§ Exercise: Copy the data exactly. Images are to be left out.

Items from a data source
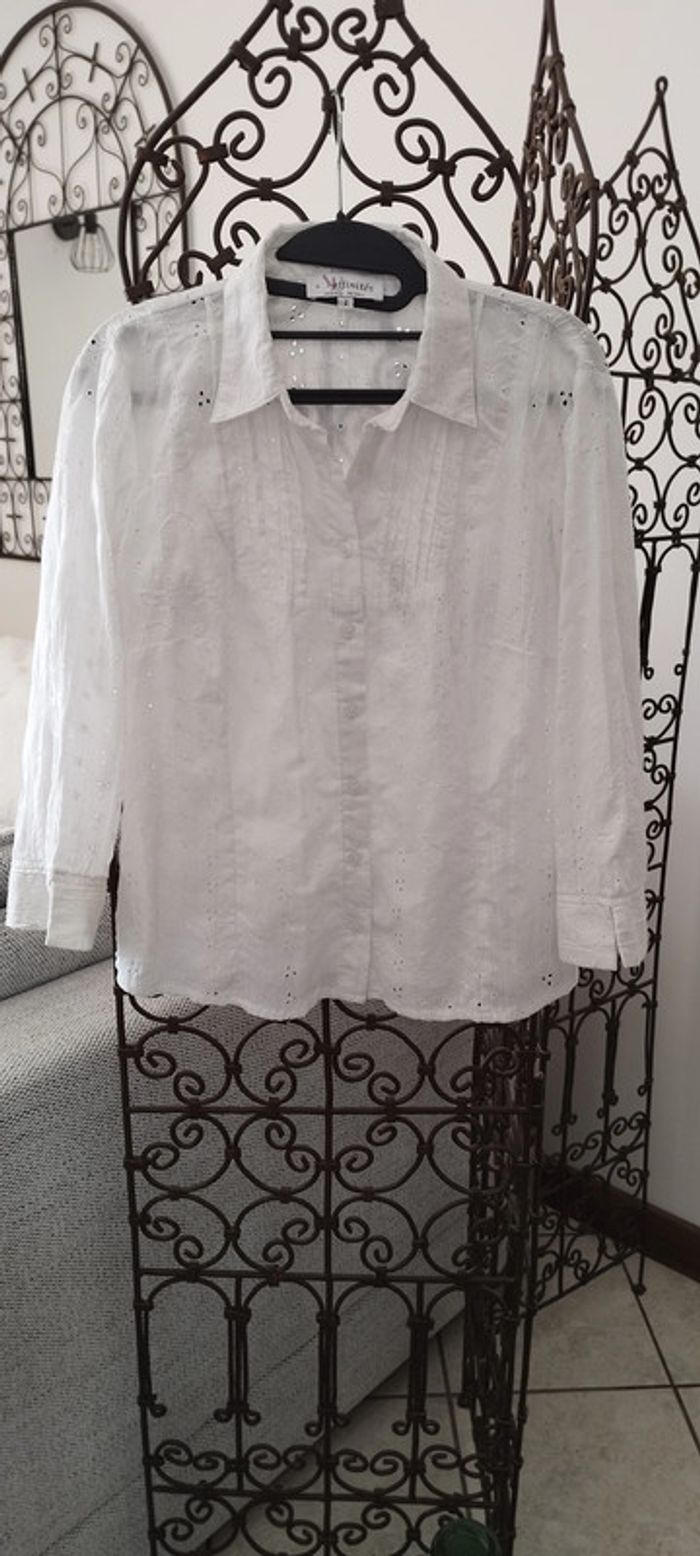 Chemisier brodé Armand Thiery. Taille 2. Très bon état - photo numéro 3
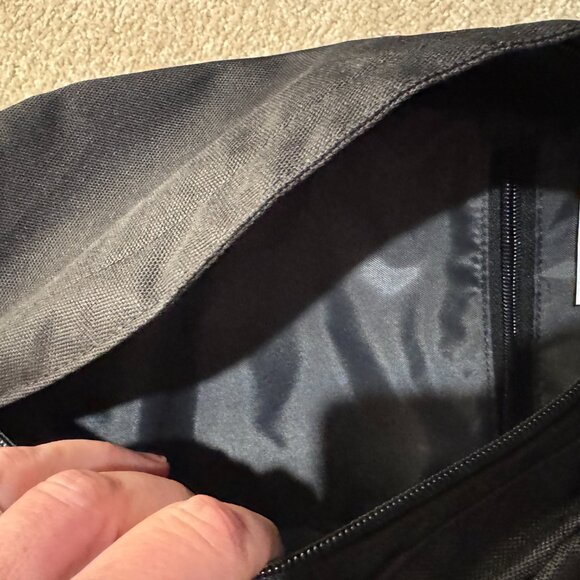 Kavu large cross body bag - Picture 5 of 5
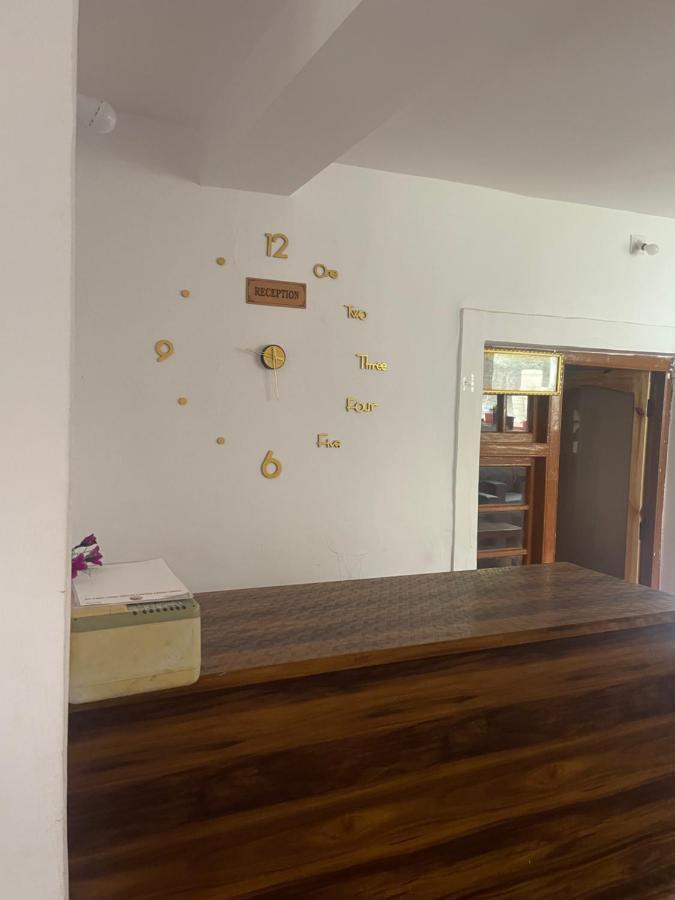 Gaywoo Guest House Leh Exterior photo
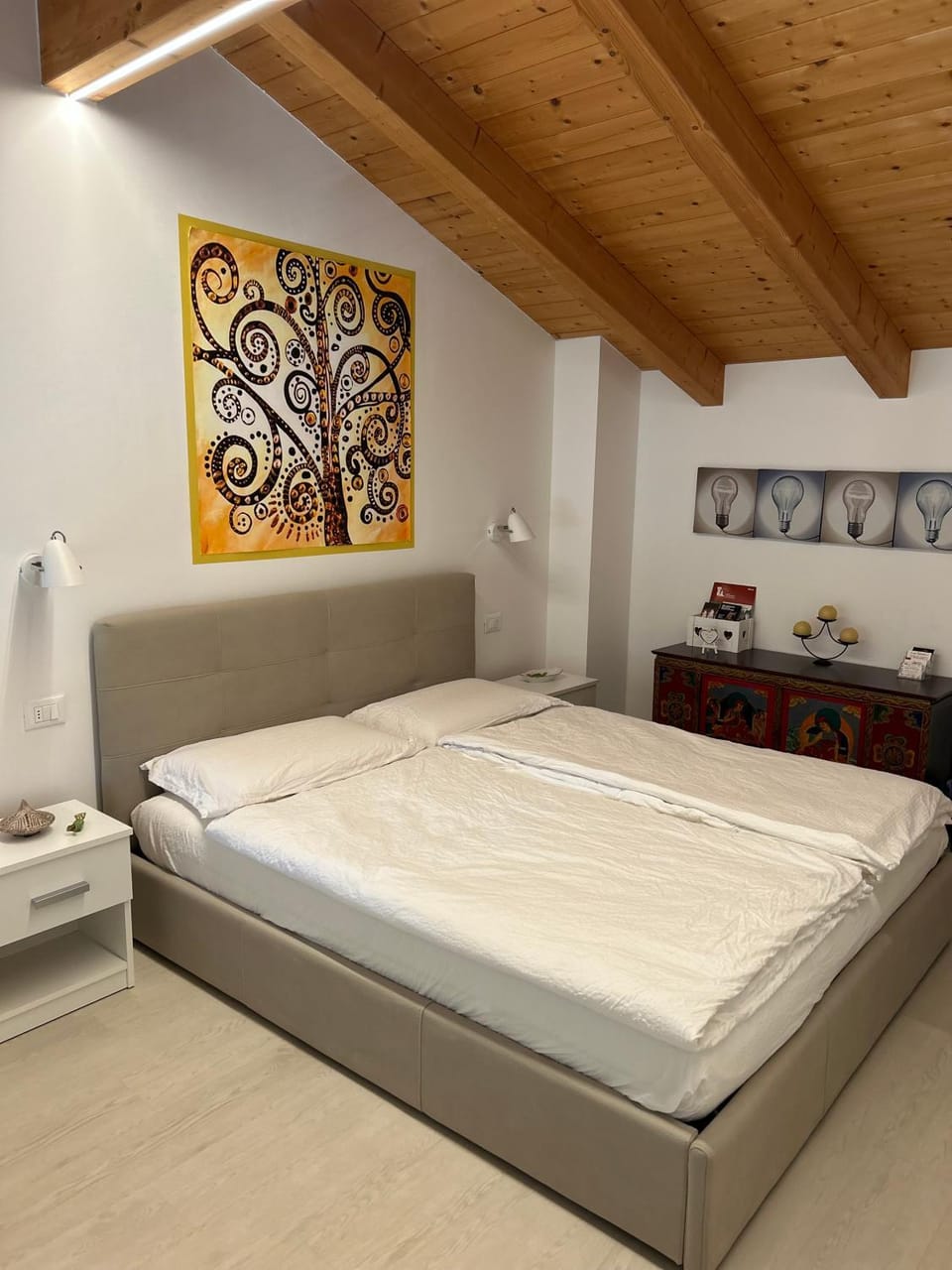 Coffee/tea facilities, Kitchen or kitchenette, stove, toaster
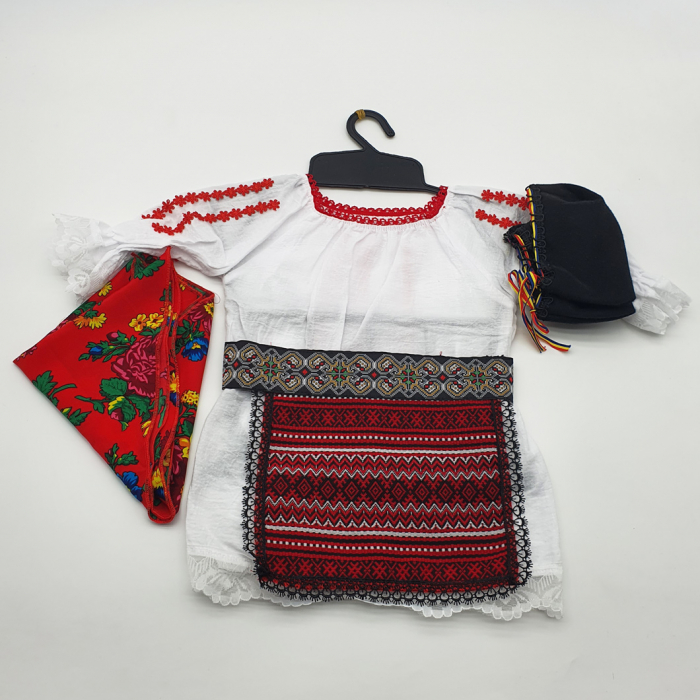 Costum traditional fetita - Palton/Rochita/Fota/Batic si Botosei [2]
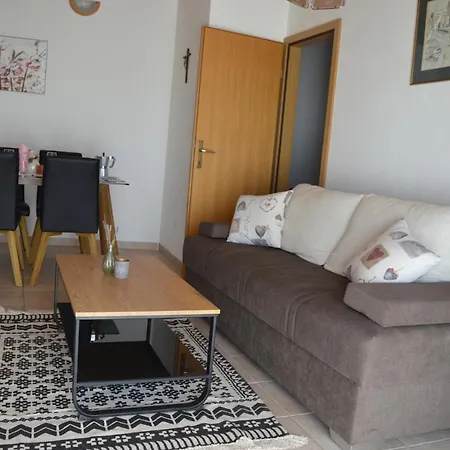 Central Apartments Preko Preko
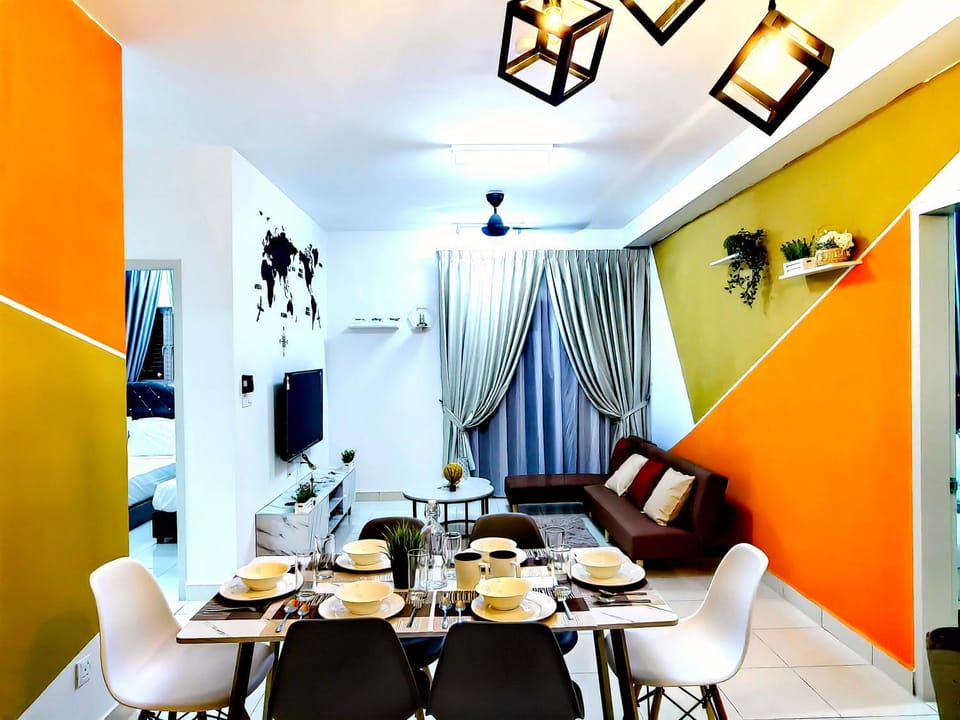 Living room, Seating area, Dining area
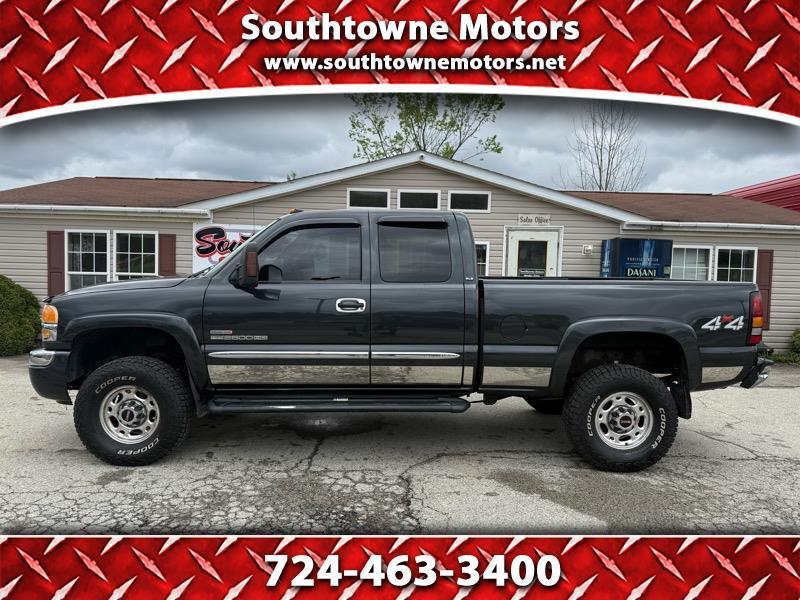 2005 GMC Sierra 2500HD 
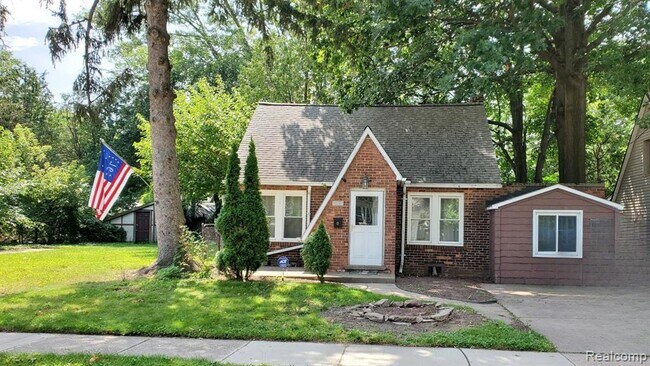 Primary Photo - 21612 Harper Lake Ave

§ Task response:
 Chemisier brodé Armand Thiery. Taille 2. Très bon état - photo numéro 3
 Kavu large cross body bag - Picture 5 of 5
 Gaywoo Guest House Leh Exterior photo
 Coffee/tea facilities, Kitchen or kitchenette, stove, toaster
 Costum traditional fetita - Palton/Rochita/Fota/Batic si Botosei [2]
 Central Apartments Preko Preko
 Living room, Seating area, Dining area
 2005 GMC Sierra 2500HD 
 Primary Photo - 21612 Harper Lake Ave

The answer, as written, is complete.